Carlos Drummond de Andrade
Todo escritor, já nos seus passos iniciais, precisa responder a uma pergunta crucial, que definirá sua carreira, seu caminho, sua obra exaustiva, sua maneira de estar no mundo, a construção de uma obra que levará anos e anos, não só um livro depois do outro, mas uma letra depois da outra, uma respiração depois da outra, de cigarro em cigarro, como diz a canção popular, até conhecer a palavra final, feito a sensação que dominou Ferreira Gullar ao escrever o magnífico Poema sujo — assunto desta coluna na edição de fevereiro.
A isso chamamos de “ponto de vista”, que muita gente confunde com “foco narrativo”, completamente diferentes e talvez opostos, mas definitivamente essencial ou definitivo. Sim, a questão é definitiva. Ou seja, definirá a obra para sempre, eternamente. Se é que existe eternidade, se não existe, que seja criada, como tudo mais obra na obra literária.

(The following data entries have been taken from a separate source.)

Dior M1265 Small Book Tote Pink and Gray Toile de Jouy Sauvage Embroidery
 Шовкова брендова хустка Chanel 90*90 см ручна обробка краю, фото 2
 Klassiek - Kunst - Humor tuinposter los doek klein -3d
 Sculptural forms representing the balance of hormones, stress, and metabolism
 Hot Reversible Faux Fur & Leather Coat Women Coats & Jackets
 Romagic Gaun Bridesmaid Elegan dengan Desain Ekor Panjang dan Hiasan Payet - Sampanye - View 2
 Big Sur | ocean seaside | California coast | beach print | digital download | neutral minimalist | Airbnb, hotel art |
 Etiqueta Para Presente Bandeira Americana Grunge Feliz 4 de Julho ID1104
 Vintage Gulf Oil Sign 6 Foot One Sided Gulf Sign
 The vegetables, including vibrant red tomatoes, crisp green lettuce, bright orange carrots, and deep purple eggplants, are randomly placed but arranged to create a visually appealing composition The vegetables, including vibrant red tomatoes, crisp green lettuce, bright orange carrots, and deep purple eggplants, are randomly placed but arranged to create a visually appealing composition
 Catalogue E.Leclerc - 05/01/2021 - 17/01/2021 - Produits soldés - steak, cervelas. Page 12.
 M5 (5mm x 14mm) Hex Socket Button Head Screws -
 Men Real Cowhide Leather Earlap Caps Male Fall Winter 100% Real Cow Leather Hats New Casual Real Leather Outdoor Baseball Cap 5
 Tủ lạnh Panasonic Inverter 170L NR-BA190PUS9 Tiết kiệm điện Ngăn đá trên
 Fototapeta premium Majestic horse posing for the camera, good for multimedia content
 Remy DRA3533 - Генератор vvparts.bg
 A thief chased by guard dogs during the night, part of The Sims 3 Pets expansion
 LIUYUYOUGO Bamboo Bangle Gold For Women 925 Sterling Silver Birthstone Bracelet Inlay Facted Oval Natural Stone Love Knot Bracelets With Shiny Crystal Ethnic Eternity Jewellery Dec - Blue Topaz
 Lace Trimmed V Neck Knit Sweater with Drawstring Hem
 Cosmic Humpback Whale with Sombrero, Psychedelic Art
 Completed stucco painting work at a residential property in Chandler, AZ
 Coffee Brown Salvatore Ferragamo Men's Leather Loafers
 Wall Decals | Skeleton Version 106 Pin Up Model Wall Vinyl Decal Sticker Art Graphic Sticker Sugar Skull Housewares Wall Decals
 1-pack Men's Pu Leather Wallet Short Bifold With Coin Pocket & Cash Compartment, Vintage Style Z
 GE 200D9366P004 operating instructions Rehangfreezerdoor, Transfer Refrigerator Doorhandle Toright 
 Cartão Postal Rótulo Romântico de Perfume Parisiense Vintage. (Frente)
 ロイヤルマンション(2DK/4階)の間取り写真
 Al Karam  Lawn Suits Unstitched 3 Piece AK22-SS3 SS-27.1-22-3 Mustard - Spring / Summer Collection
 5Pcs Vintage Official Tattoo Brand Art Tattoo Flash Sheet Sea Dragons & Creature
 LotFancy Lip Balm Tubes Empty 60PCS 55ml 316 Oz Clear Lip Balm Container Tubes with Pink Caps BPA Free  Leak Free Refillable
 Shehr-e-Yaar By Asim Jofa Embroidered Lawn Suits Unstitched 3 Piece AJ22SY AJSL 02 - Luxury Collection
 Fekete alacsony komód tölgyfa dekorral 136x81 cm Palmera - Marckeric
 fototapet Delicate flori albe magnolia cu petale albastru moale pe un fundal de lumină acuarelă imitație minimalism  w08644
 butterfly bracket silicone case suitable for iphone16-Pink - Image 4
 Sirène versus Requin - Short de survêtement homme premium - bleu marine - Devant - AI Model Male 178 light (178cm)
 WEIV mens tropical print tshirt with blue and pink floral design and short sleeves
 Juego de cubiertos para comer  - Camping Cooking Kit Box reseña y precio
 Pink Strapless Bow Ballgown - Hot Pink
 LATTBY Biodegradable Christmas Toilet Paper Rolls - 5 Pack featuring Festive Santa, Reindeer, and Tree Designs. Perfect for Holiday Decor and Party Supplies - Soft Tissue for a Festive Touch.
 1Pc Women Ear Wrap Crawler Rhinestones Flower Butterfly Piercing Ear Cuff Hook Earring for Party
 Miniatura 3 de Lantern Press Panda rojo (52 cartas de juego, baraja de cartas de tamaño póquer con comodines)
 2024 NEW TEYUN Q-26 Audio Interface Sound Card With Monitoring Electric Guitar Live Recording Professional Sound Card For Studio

O ponto de vista, procuro dizer, é como vemos o mundo, o comportamento, a ética ou antiética, a desgraça ou o zelo, aí está a questão: tudo o mais resultará deste ponto de vista, romances, novelas, contos, poemas, teatro; seja o que for. É claro que este ponto de vista pode mudar de obra para obra ou até de personagem para personagem. Dessa forma, a obra torna-se enriquecedora e não enfadonha, com personagens de grande caráter e personagens de nenhum caráter; uns cômicos, e outros severos, intimistas; quietos e calados.
A obra literária não perde sua mobilidade interior ou a riqueza do seu enredo por causa do seu ponto de vista. Uma coisa não altera a outra. Muito pelo contrário.
Sabe-se que Kafka, por exemplo, considerado um autor muito severo e absolutamente crítico do comportamento humano, gostava de rir muito enquanto lia os seus textos para os amigos. A princípio, inimaginável.
Estes assuntos são discutidos no meu livro Os segredos da ficção, a meu modo a construção da narrativa a partir da minha experiência como ficcionista, com mais de quinzes obras, entre romances, novelas e contos, que causou muita inquietação entre os teóricos porque, conforme se diz, a reflexão sobre a obra literária cabe a partir do ponto de vista que, não raras vezes, é substituído pelo narrador, um que pensa, o autor, e outro que narra, corretamente chamado narrador, como expõe sempre Clarice Lispector em A hora da estrela, basta uma leitura cuidadosa.
Este assunto vem aqui para debate por causa do livro A intensa palavra, crônicas inéditas em livro, publicadas por Carlos Drummond de Andrade entre 1954 e 1969 no jornal Correio da Manhã. Esta coletânea integra o projeto da Record de republicação das obras de Drummond, incluindo os diários, crônicas e poemas. Um projeto que enriquece muito a bibliografia brasileira, sobretudo no momento em que os livros parecem desvalorizados.